Nicholas Winter

Personal information
- Full name: Nicholas Philip Winter
- Born: 19 June 1993 (age 33) Canberra, Australian Capital Territory
- Batting: Left-handed
- Bowling: Left-arm medium-fast
- Role: Bowler

Domestic team information
- 2014/15–2021/22: South Australia
- 2014/15: Melbourne Renegades
- 2016/17: Northern Districts
- 2020/21: Hobart Hurricanes
- FC debut: 8 February 2018 South Australia v Victoria
- LA debut: 6 October 2014 South Australia v Victoria

Career statistics
| Competition | FC | LA | T20 |
| Matches | 22 | 8 | 7 |
| Runs scored | 431 | 12 | 0 |
| Batting average | 15.39 | 12.00 | 0.00 |
| 100s/50s | 0/1 | 0/0 | 0/0 |
| Top score | 53* | 7* | 0 |
| Balls bowled | 5,094 | 372 | 116 |
| Wickets | 78 | 6 | 7 |
| Bowling average | 30.85 | 78.50 | 20.85 |
| 5 wickets in innings | 4 | 0 | 0 |
| 10 wickets in match | 1 | 0 | 0 |
| Best bowling | 5/48 | 2/94 | 3/19 |
| Catches/stumpings | 3/– | 0/– | 1/– |
- Source: Cricinfo, 4 October 2024

= Nick Winter (cricketer) =

Australian cricketer

Nicholas Winter (born 19 June 1993) is an Australian cricketer who played for South Australia.

==Career==
===Move to South Australia and injury (2013–2016)===
Winter originally came from Canberra in the Australian Capital Territory, playing for the territory's representative team the ACT Comets before he was brought to South Australia for the 2013–14 season.
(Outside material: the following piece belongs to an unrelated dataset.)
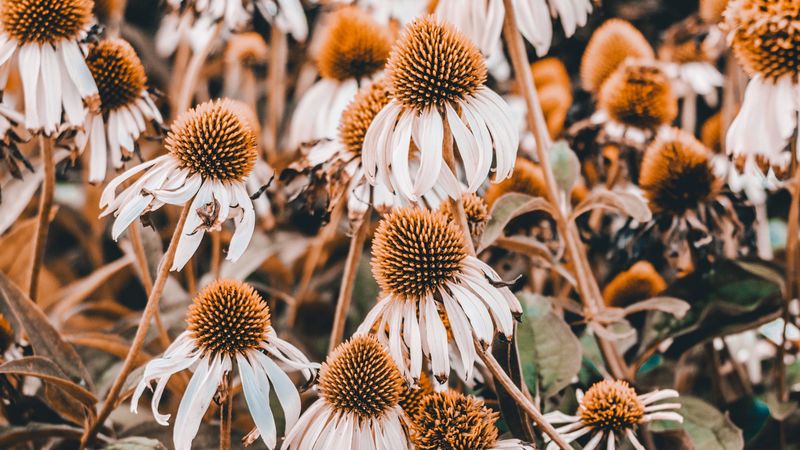 echinacea, flowers, flowerbed, plants, flowering, 4k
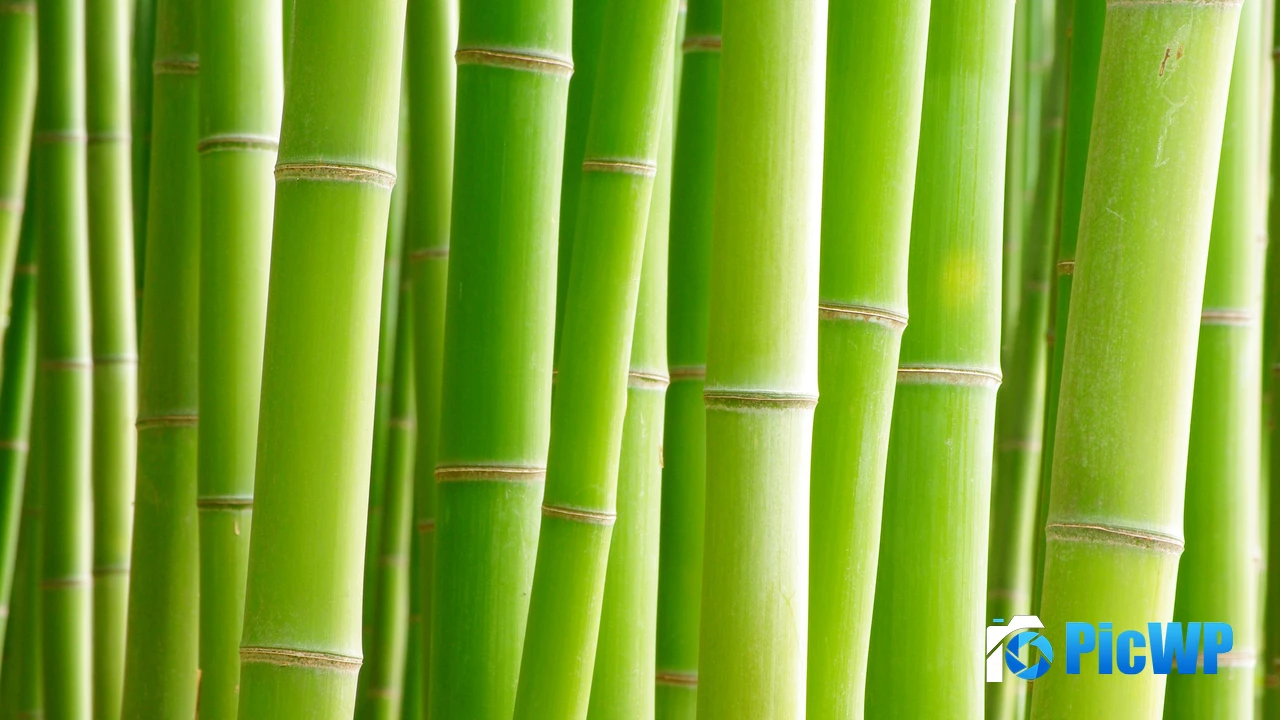 Bamboo Trees 4K PC Wallpaper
Winter spent the season playing for South Australia in the Futures League, Australia's second XI competition, in which he was named the player of the year. He was rewarded with a rookie contract with SACA for the 2014–15 season. Winter made his List A debut in the 2014–15 Matador BBQs One-Day Cup for South Australia on 6 October 2014, against Victoria, bowling seven overs and conceding 53 runs.

Winter was also given a contract with Big Bash League team the Melbourne Renegades. He made his Twenty20 debut for the club in BBL|04 when a number of the club's bowlers were unavailable, being called up for international duty. He opened the bowling but only bowled two overs. He made his second appearance for the Renegades later in the season when teammate Peter Siddle was called up to play a Test match.

Winter was again rookie contracted with South Australia for the 2015–16 season, but in his first grade cricket match of the season for Tea Tree Gully he tore a muscle in his side, forcing him out of cricket for several months, including the beginning of BBL|05, and when he did recover from the torn muscle he tore it again trying to return for the Renegades. At the end of the season he was dropped from South Australia's contract list.

===Comeback (2016–present)===
Despite no longer having a contract with South Australia, Winter stayed in Adelaide, recovering from his injury while studying a Bachelor of International Studies and Politics at the University of Adelaide. Winter then spent the English summer playing for Plumtree Cricket Club in the Nottinghamshire Premier League taking 31 wickets at an average of 17.42. He bounced back in the 2016–17 season, playing premier grade cricket for the university and being named the team's club champion for the season. Due to his comeback he was going to be offered his first full contract with South Australia for the 2017–18 season, but due to a pay dispute with Cricket Australia the state was unable to offer it to him immediately. Instead, Winter had to train with the state team unpaid for two months before finally being given the contract in August.

Winter played four matches for South Australia in the 2017–18 JLT One-Day Cup. He bowled a total of 30 overs and took 5 wickets at an average of 46.00 with an economy of 7.66.